(Stored dataset items)
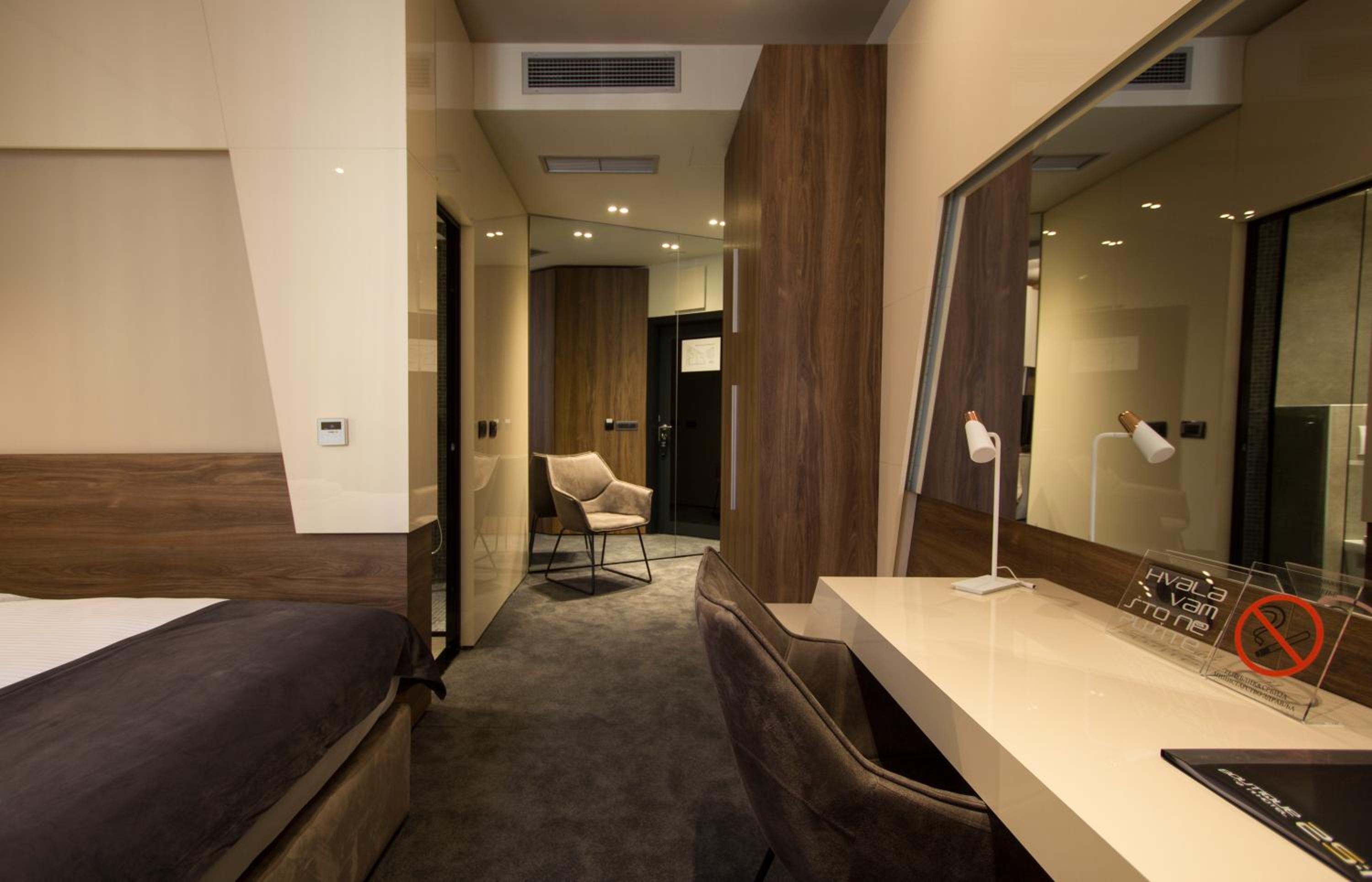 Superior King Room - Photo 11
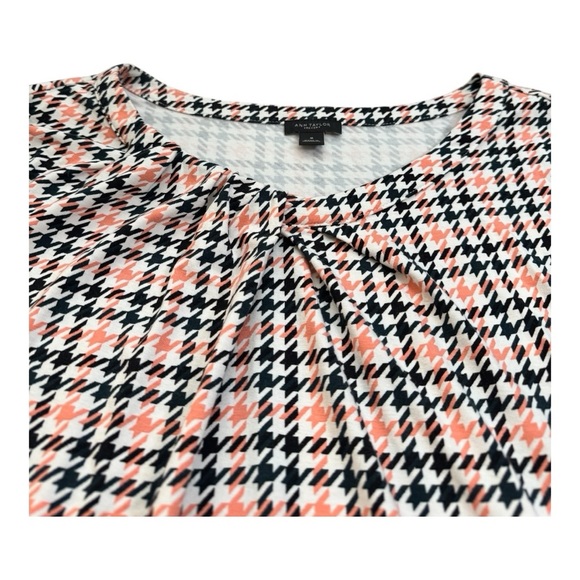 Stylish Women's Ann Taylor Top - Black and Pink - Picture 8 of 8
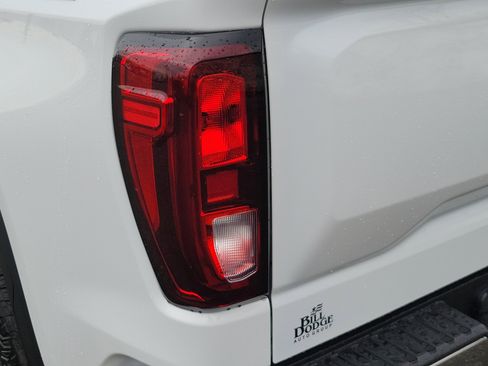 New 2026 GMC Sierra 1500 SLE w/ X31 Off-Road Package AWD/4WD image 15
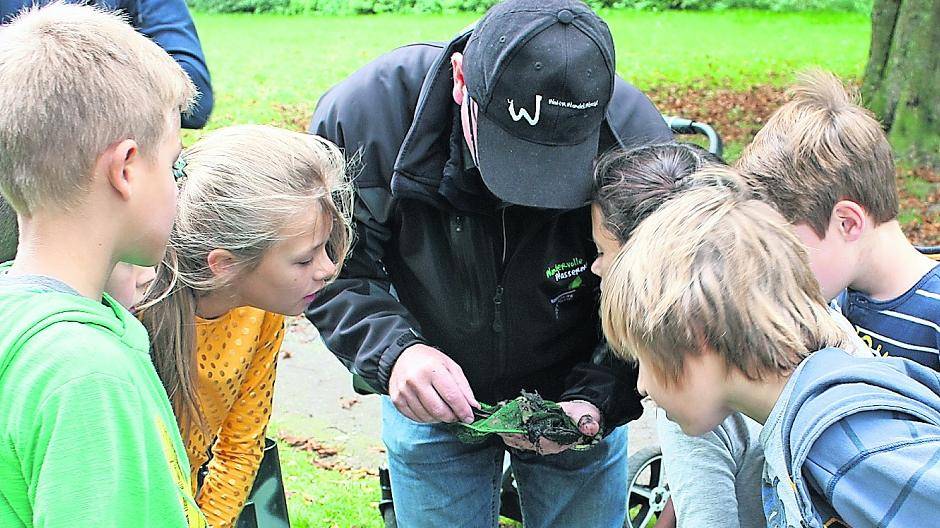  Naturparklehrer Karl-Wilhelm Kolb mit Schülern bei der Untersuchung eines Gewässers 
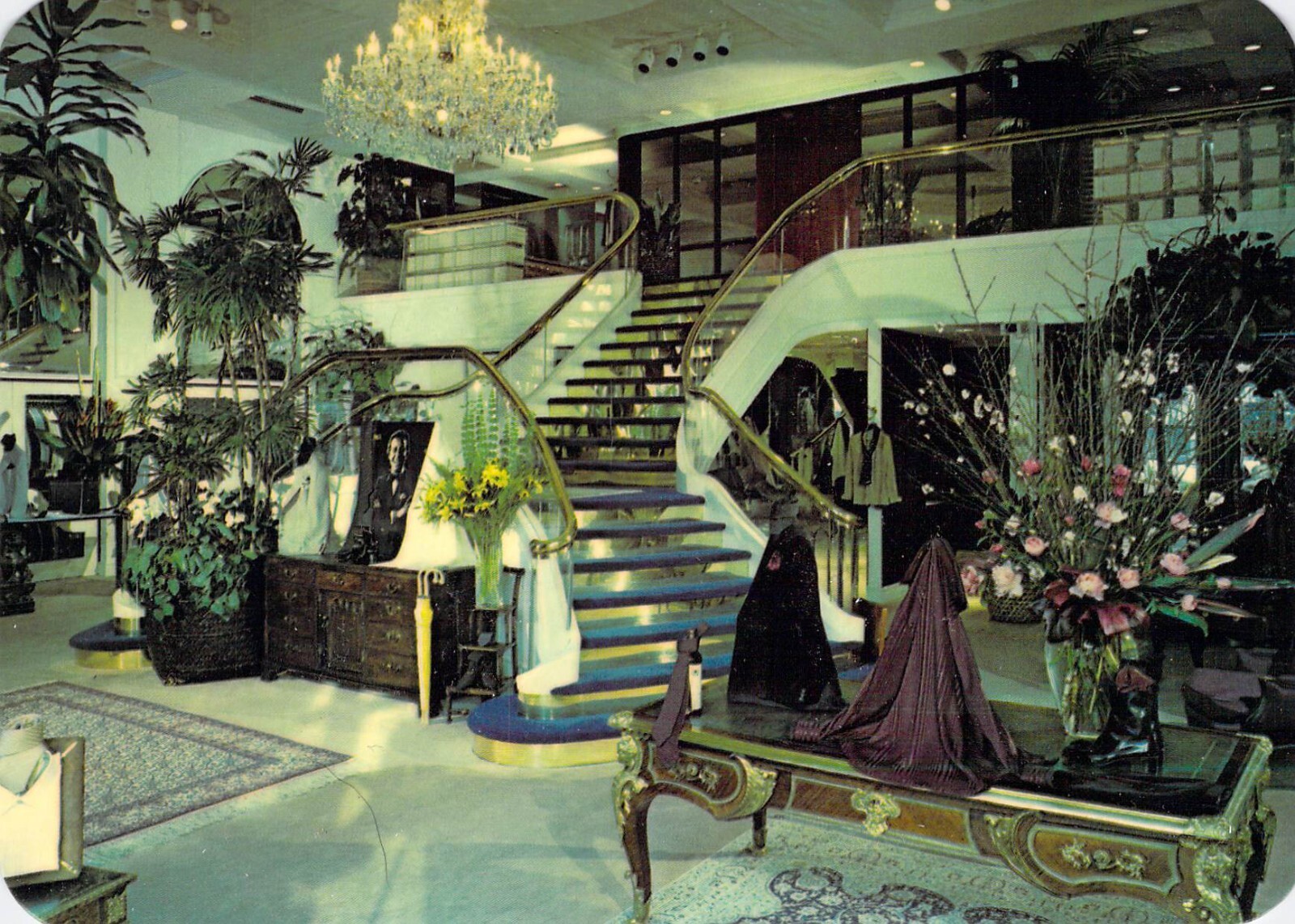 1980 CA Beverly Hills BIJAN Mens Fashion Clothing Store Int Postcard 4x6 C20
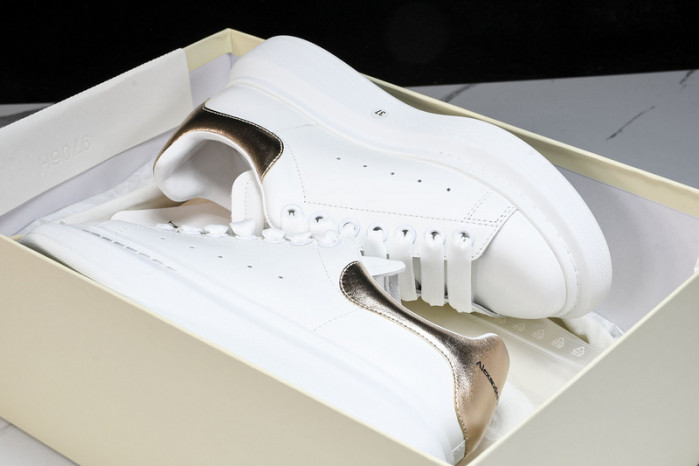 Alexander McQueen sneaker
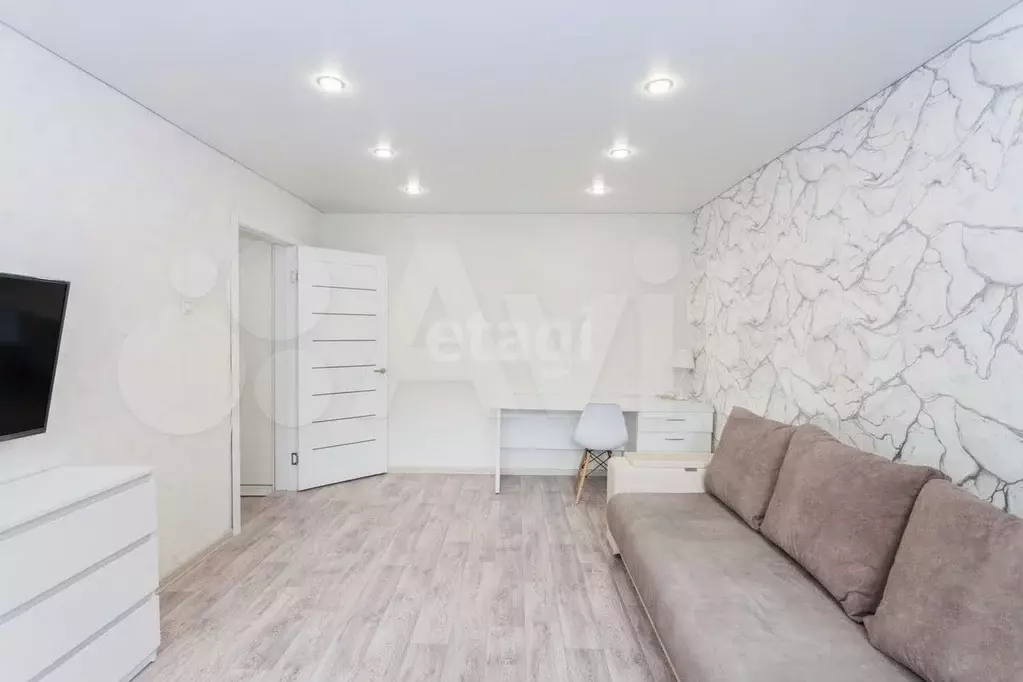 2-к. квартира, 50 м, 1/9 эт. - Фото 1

REQUIRED ACTION:
None of the pictures should appear; the rest of the entries must be reproduced exactly.

RESULT OF THIS TASK:
 Superior King Room - Photo 11
 Stylish Women's Ann Taylor Top - Black and Pink - Picture 8 of 8
 New 2026 GMC Sierra 1500 SLE w/ X31 Off-Road Package AWD/4WD image 15
  Naturparklehrer Karl-Wilhelm Kolb mit Schülern bei der Untersuchung eines Gewässers 
 1980 CA Beverly Hills BIJAN Mens Fashion Clothing Store Int Postcard 4x6 C20
 Alexander McQueen sneaker
 2-к. квартира, 50 м, 1/9 эт. - Фото 1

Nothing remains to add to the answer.